**What is being asked:** Pictures are to be omitted, and every entry below is to be restated exactly.

**Exercise data:**
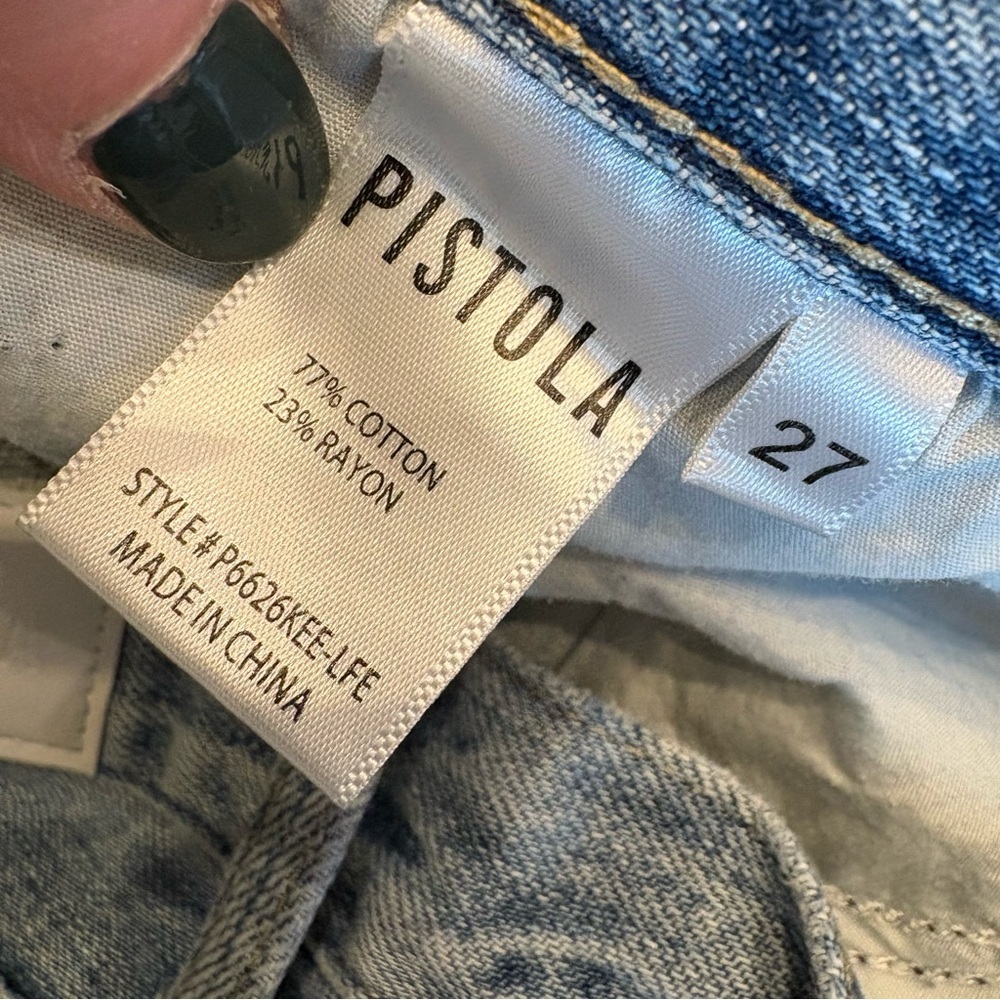 Pistola Jeans Sz 27 Distressed Light Wash Denim High Rise Straight Leg Raw Hem - Picture 7 of 11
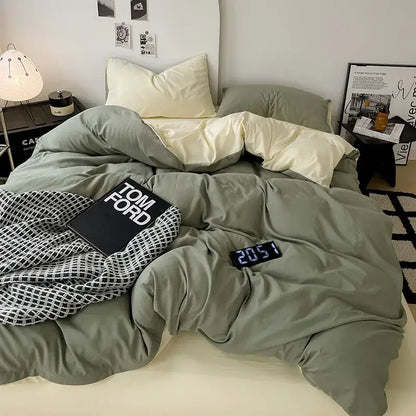 Modern gray comforter cover set with geometric throw bedroom bedding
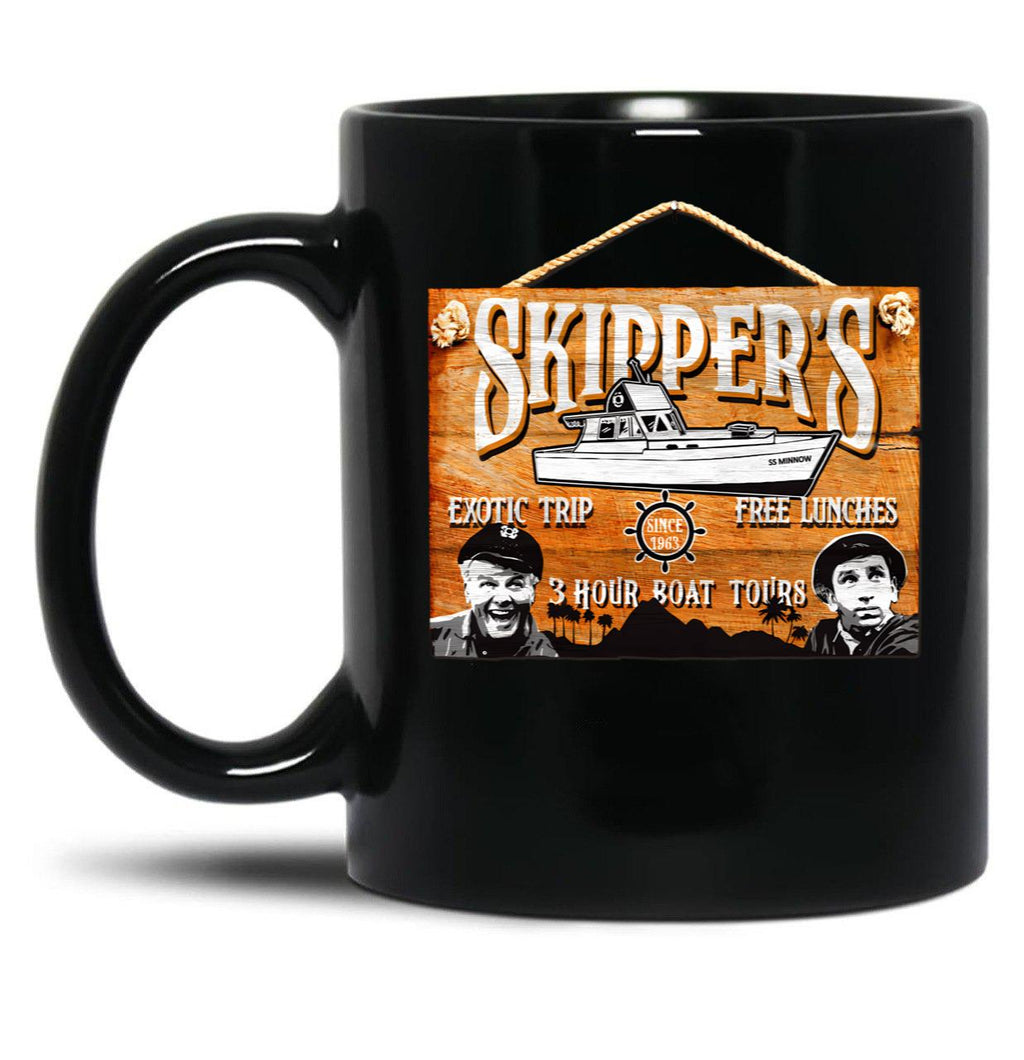 Skipper Gilligan'S Island Wooden Sign Black Coffee Mug, Gift Coffee Mug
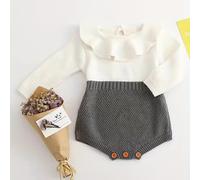 TEMU 1pc Bebé Niña Algodón Punto Mono, Estilo Casual Color Sólido Larga Body, Ajuste Holgado, con de Color de , para /Otoño, Exterior, para Exterior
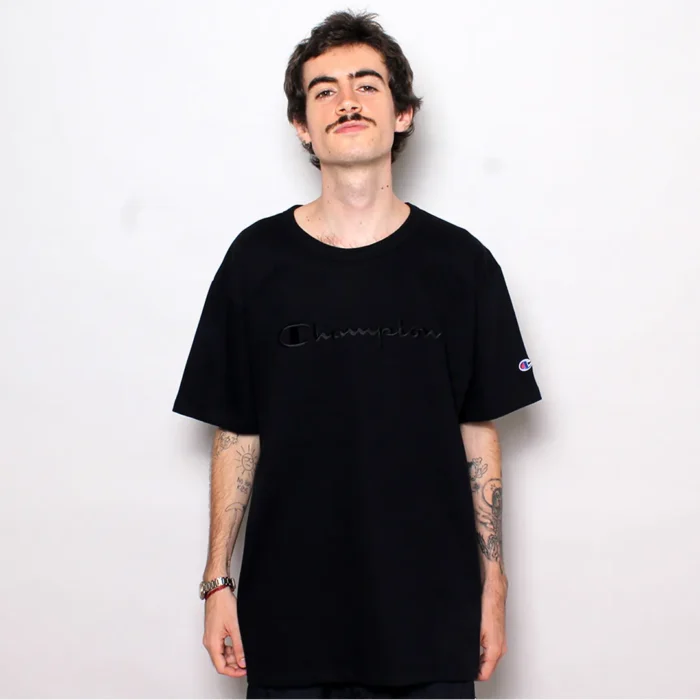 CAMISETA CHAMPION LOGO BORDADO MALHAO PRETA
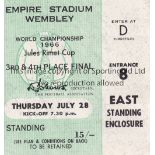 1966 WORLD CUP ENGLAND Ticket for the 3/4 Play-off match at Wembley 28/7/1966, Portugal v USSR.
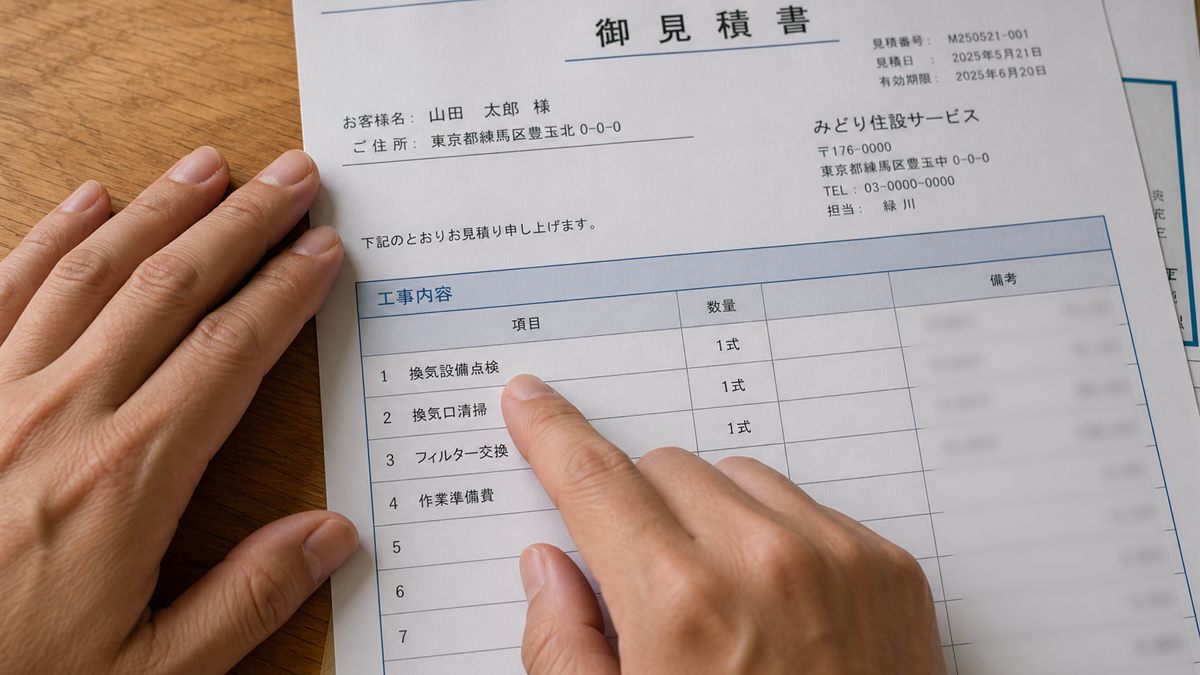 見積書の項目を指で追う手元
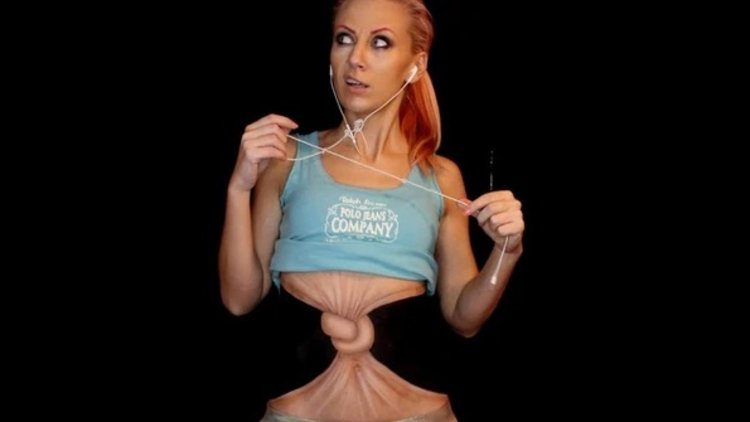 Görünmez kadın! Vücuduyla illüzyon yaratıyor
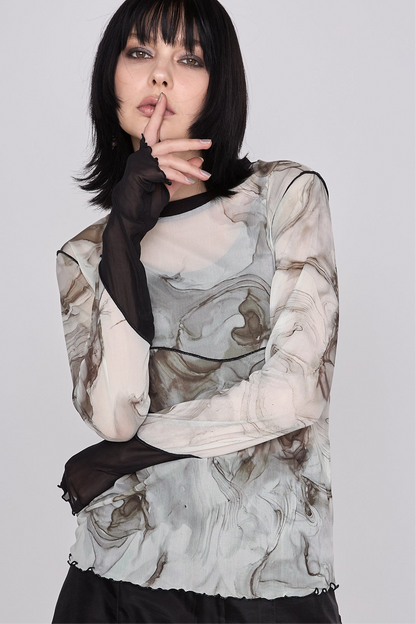 Marble paint mellow crew tops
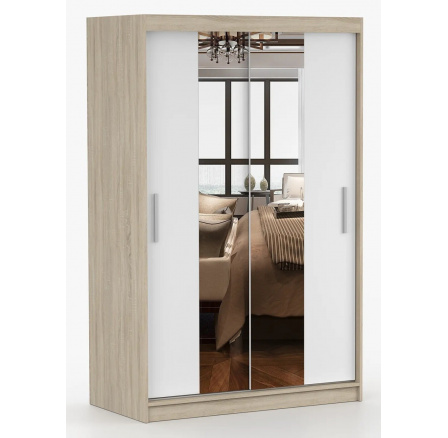 Tükrös ruhásszekrény NOEMI 01, Sonoma Tölgy/Fehér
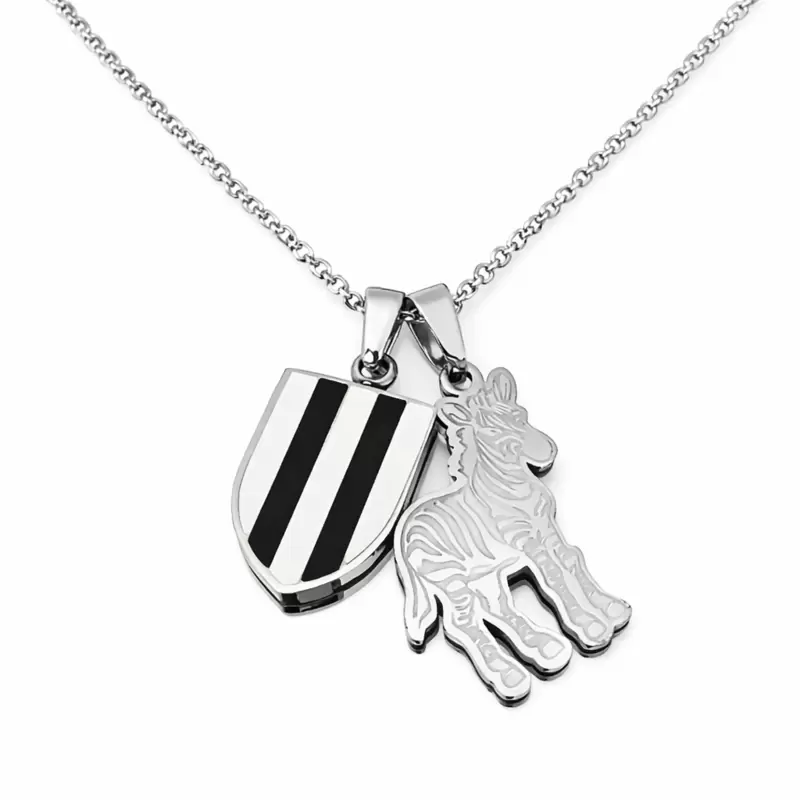 Collana charms scudetto bianco nero e zebra in acciaio
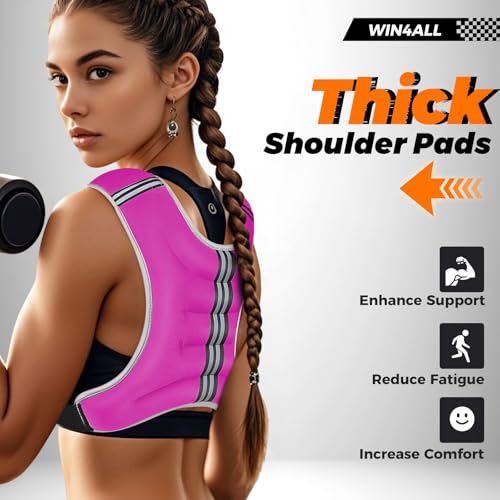 WIN4ALL Weighted Vest Woman, 6lb/8lb/12lb/16lb/20lb, Adjustable Women Weighted Vest for Walking, Strength Training, Running, Fitness, Muscle Building, Black - color: Pink, size: 20 LBS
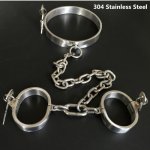 304 Stainless Steel Lockable Neck Collar Handcuffs With Chain Hand Cuffs Choker Fetish Restraints Bondage Sex Toys for Men Woman
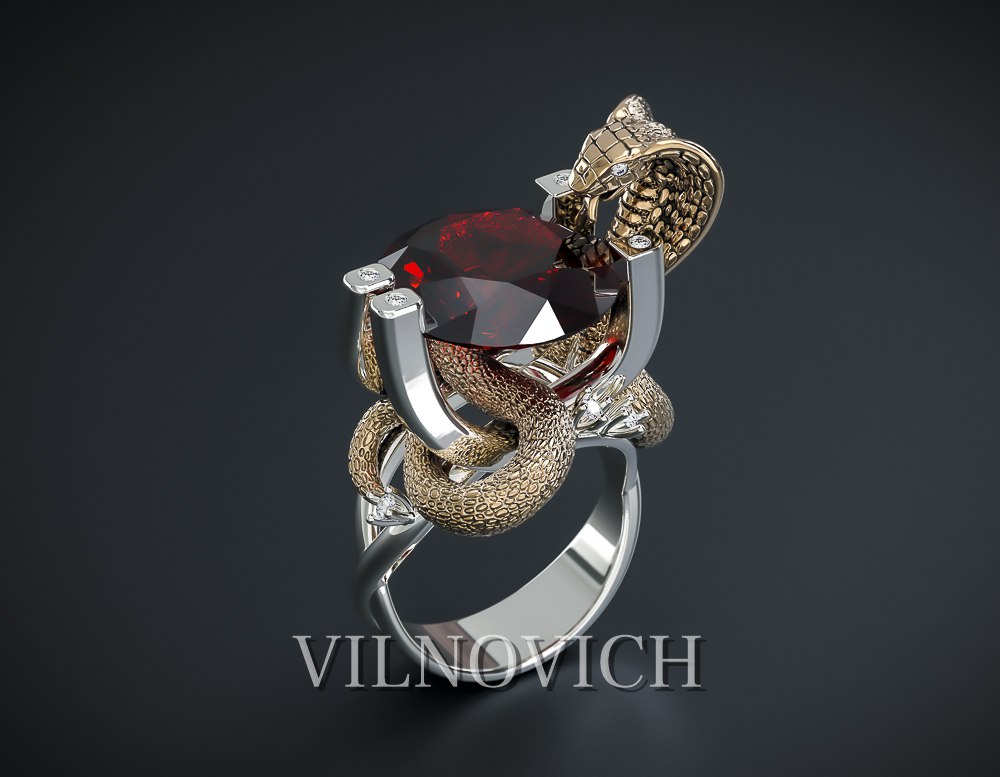 COBRA — Gemstone Snake Ring | Jewelry 3D Model STL — view 3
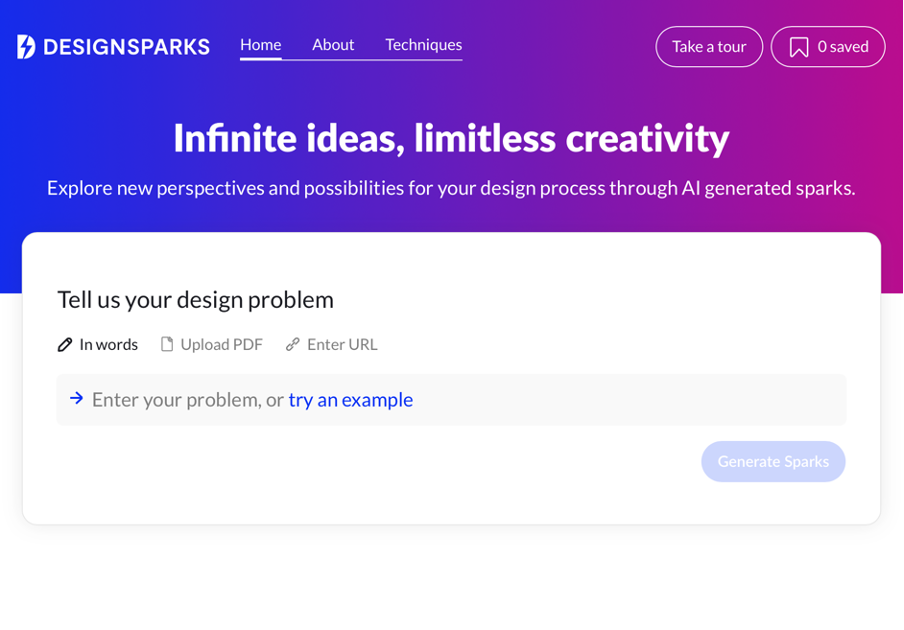 DesignSparks ideas generator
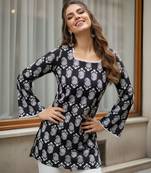 Black color beautiful sophisticated graceful formal short kurta for girls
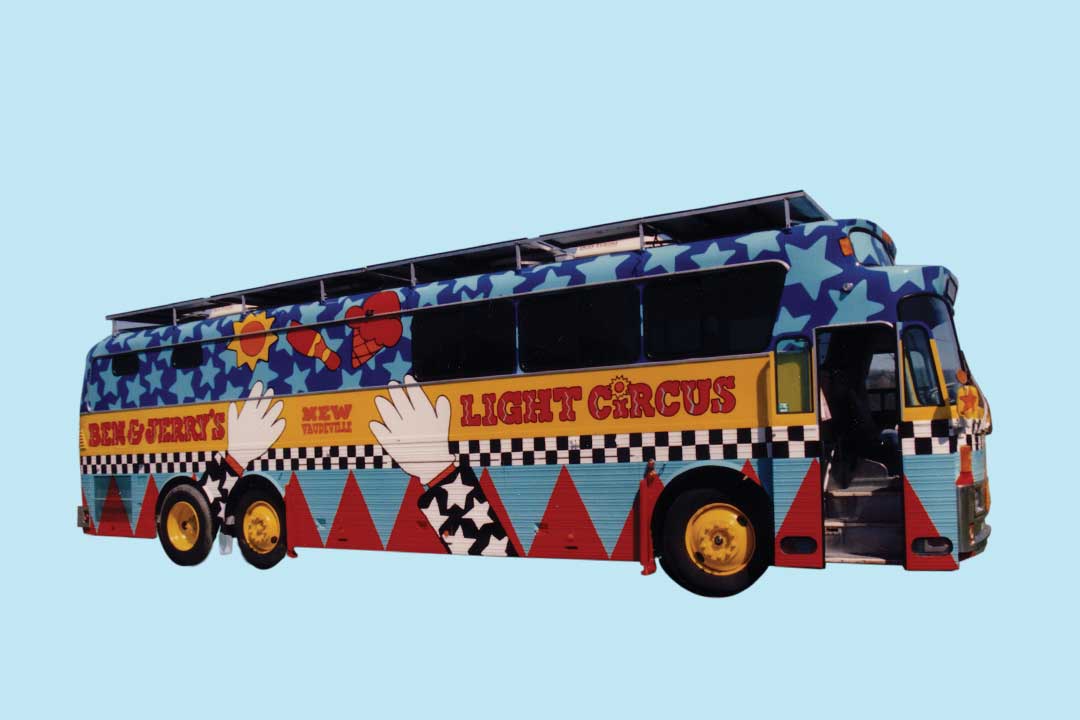 Un bus touristique Ben & Jerry’s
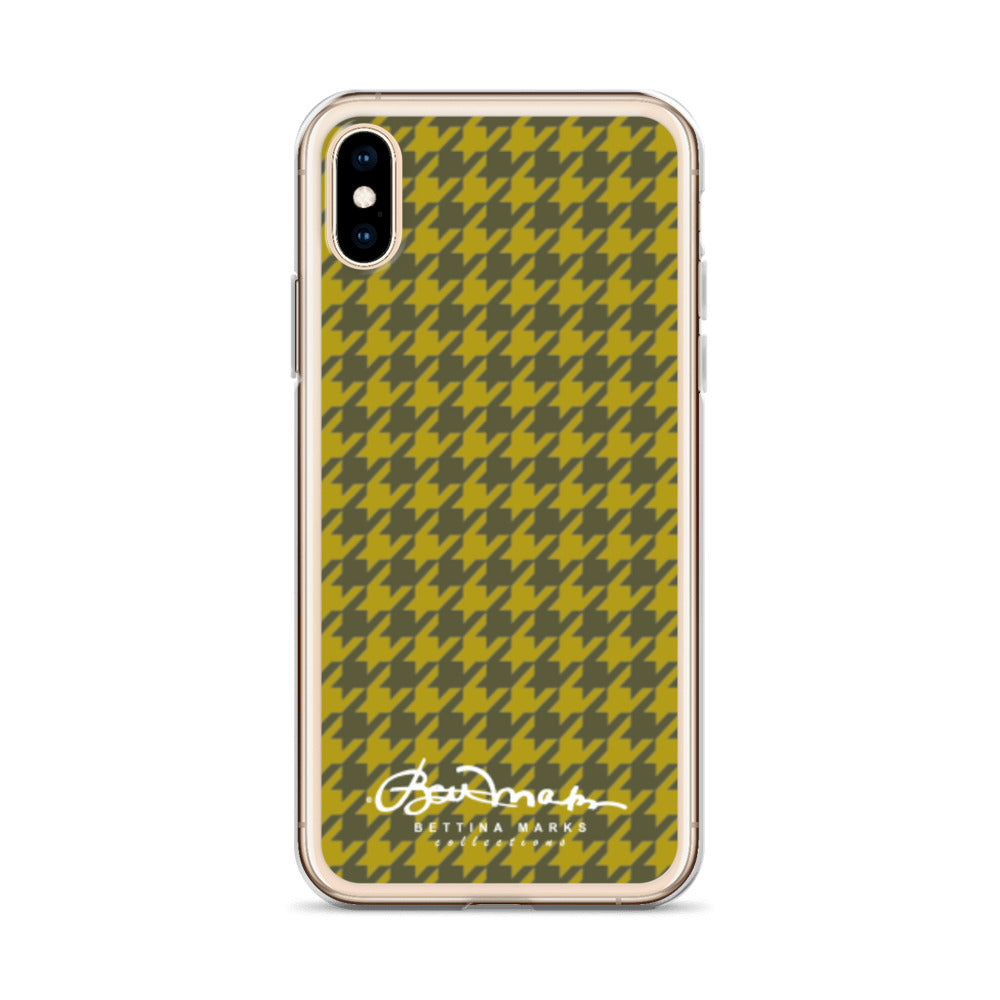 Olive Houndsooth Iphone 15 Pro Clear Case for iPhone®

**Output of the exercise:**
 Pistola Jeans Sz 27 Distressed Light Wash Denim High Rise Straight Leg Raw Hem - Picture 7 of 11
 Modern gray comforter cover set with geometric throw bedroom bedding
 Skipper Gilligan'S Island Wooden Sign Black Coffee Mug, Gift Coffee Mug
 TEMU 1pc Bebé Niña Algodón Punto Mono, Estilo Casual Color Sólido Larga Body, Ajuste Holgado, con de Color de , para /Otoño, Exterior, para Exterior
 CAMISETA CHAMPION LOGO BORDADO MALHAO PRETA
 1966 WORLD CUP ENGLAND Ticket for the 3/4 Play-off match at Wembley 28/7/1966, Portugal v USSR.
 見積書の項目を指で追う手元
 Görünmez kadın! Vücuduyla illüzyon yaratıyor
 Marble paint mellow crew tops
 Tükrös ruhásszekrény NOEMI 01, Sonoma Tölgy/Fehér
 Collana charms scudetto bianco nero e zebra in acciaio
 WIN4ALL Weighted Vest Woman, 6lb/8lb/12lb/16lb/20lb, Adjustable Women Weighted Vest for Walking, Strength Training, Running, Fitness, Muscle Building, Black - color: Pink, size: 20 LBS
 304 Stainless Steel Lockable Neck Collar Handcuffs With Chain Hand Cuffs Choker Fetish Restraints Bondage Sex Toys for Men Woman
 COBRA — Gemstone Snake Ring | Jewelry 3D Model STL — view 3
 DesignSparks ideas generator
 Black color beautiful sophisticated graceful formal short kurta for girls
 Un bus touristique Ben & Jerry’s
 Olive Houndsooth Iphone 15 Pro Clear Case for iPhone®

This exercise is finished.